DATA EXCERPT:

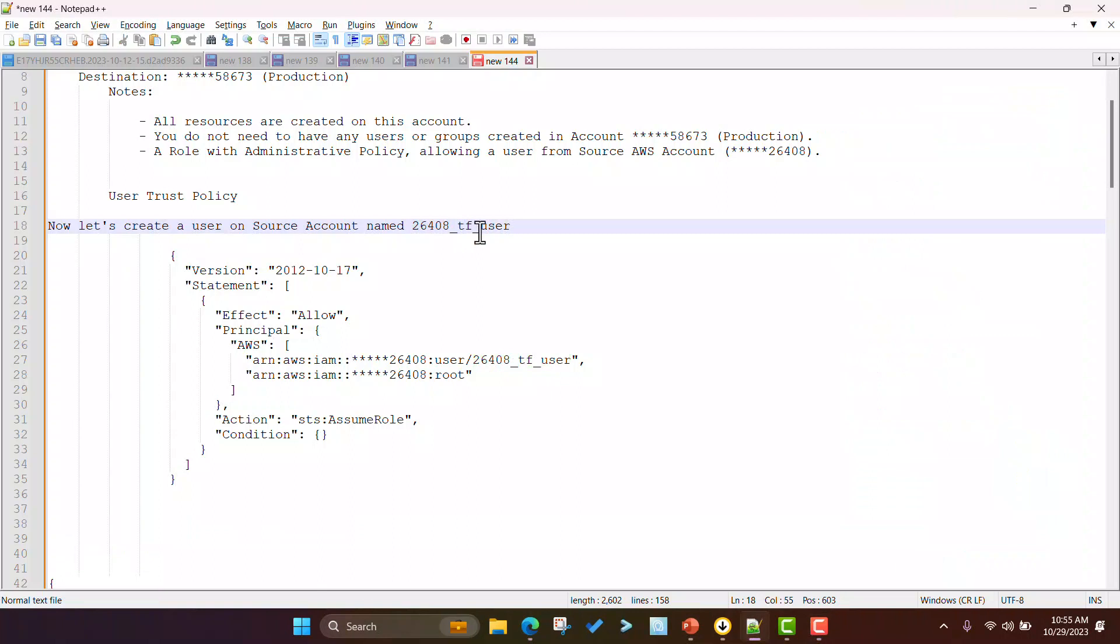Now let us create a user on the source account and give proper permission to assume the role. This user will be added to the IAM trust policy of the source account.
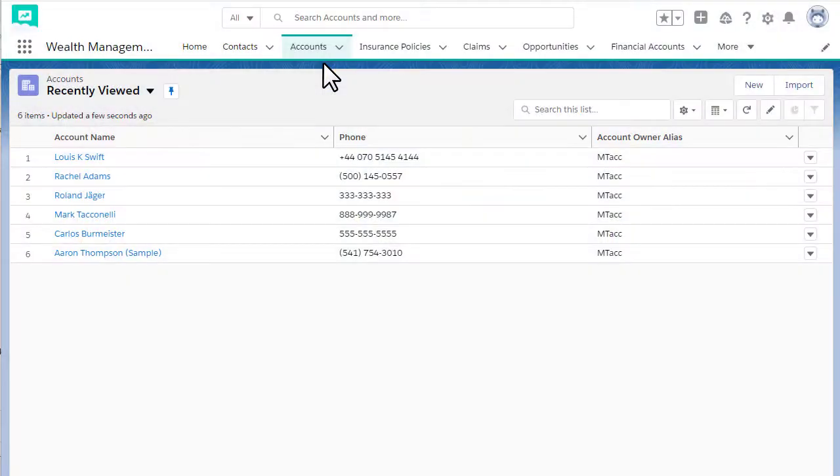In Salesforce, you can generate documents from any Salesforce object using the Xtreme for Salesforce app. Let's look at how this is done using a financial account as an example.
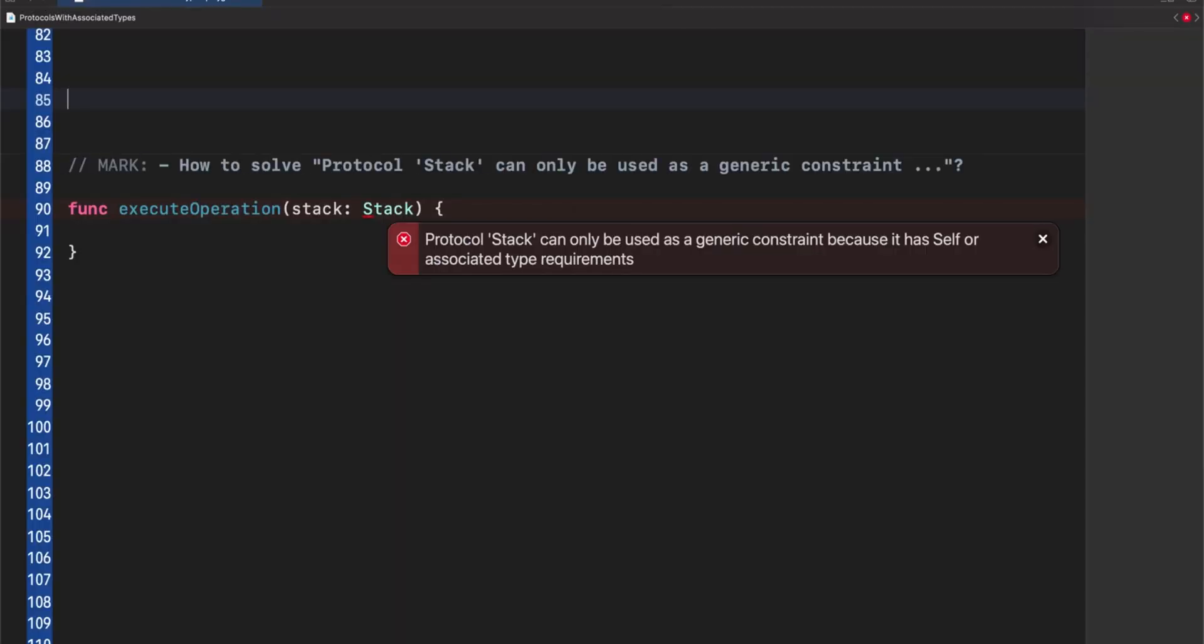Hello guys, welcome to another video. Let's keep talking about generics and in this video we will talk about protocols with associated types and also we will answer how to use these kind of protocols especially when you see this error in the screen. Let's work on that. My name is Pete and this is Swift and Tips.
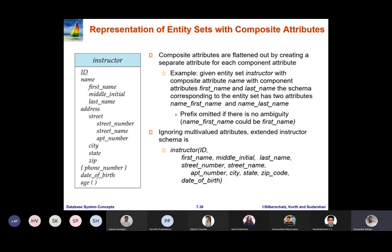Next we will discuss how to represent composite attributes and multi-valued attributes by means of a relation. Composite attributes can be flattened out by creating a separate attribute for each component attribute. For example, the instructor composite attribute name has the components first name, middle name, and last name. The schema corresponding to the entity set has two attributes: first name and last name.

EXERCISE: Write out exactly and only the lines that run from the start of the data above through the line containing "In Salesforce, you", leaving the pictures out.

YOUR RESPONSE:
Now let us create a user on the source account and give proper permission to assume the role. This user will be added to the IAM trust policy of the source account.
In Salesforce, you can generate documents from any Salesforce object using the Xtreme for Salesforce app. Let's look at how this is done using a financial account as an example.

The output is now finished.